The WFP is distributing 25 kilogram bags of rice to female heads of households across Port-au-Prince, via a 15-day program that began Sunday. The program aims to reach 2 million people during two weeks.

Haiti was hit by an earthquake measuring 7.3 on the Richter scale on January 12 which killed 170,000 according to government estimates, and also wrecked infrastructure making it impossible for many residents to earn money to buy food. In the 18 days from the earthquake to the start of the expanded program, the WFP reached 650,000 people, or 200,000 less than it has reached this week alone.

Prior said that the WFP is conducting assessments of vulnerable groups alongside the distribution and will use the sites established during this 15-day period, to make more targeted deliveries to those who most need food beginning in the latter half of February.

The WFP originally planned to have 16 sites distributing across Port-au-Prince, but two in the city's roughest neighborhood, Cite Soleil, did not open because secure distribution could not be guaranteed. Prior said the WFP forecasts these will open on Thursday.

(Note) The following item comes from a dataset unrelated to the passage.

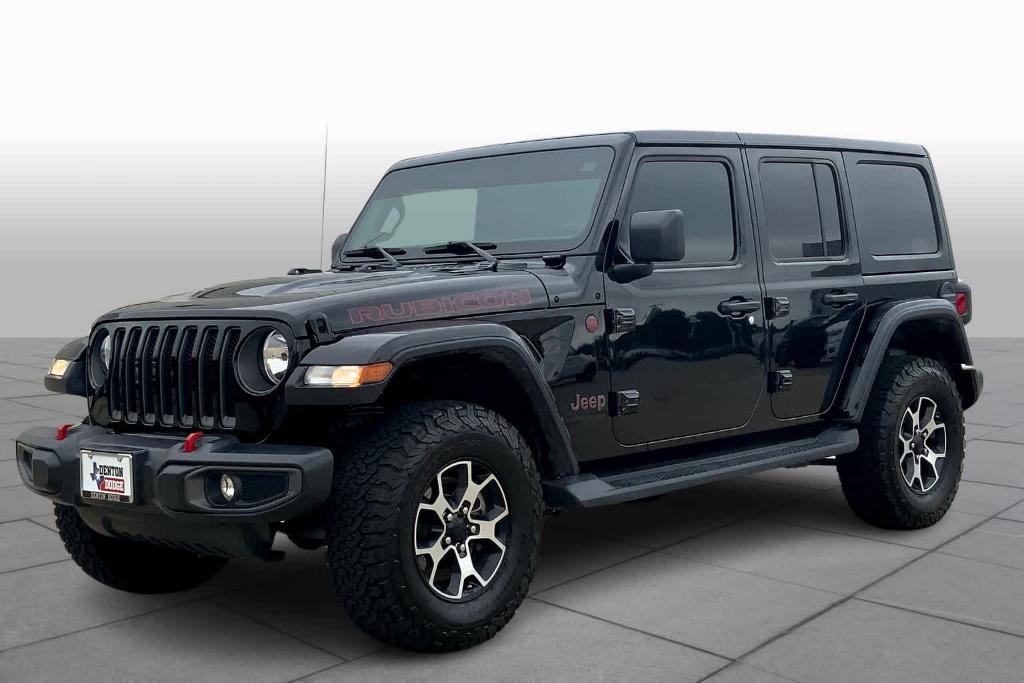 used 2021 Jeep Wrangler Unlimited car, priced at $37,990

During a visit to a distribution site in Bois Neuf, a calmer section of Cite Soliel, on the grounds of the Haitian Athletics Sports Training Center, a Xinhua reporter witnessed the distribution of bags of rice comparatively smoothly, thanks to the cooperation of four groups of actors: World Food Program officials, workers from non government organization Samaritan's Purse, and soldiers from the Jordanian army and from US army unit the 82nd airborne.

One of the recipients, primary schoolteacher Belvue Monhonneur told Xinhua that she had received a ticket from a distribution agent because of her large family: two parents and eight children. She had not worked since Jan. 12 and was now having trouble buying food.

She also reported that people in the area had been victim of a fraud. A counterfeiter had printed a large number of pink tickets and sold them for 10 gourds (27 US cents) telling buyers that the white tickets that WFP agents were distributing were fake. The voucher system has been a staple of WFP distribution management for 20 years, but it is rarely used in an urban setting.

The all-female crowd was noisy, with one recipient shouting "Take me with you to Miami, white boy!" at the US soldiers. However, order was maintained throughout, a contrast to some distributions seen a week earlier, when Brazilian and Uruguayan forces saw their distributions turn into free-for-all battles.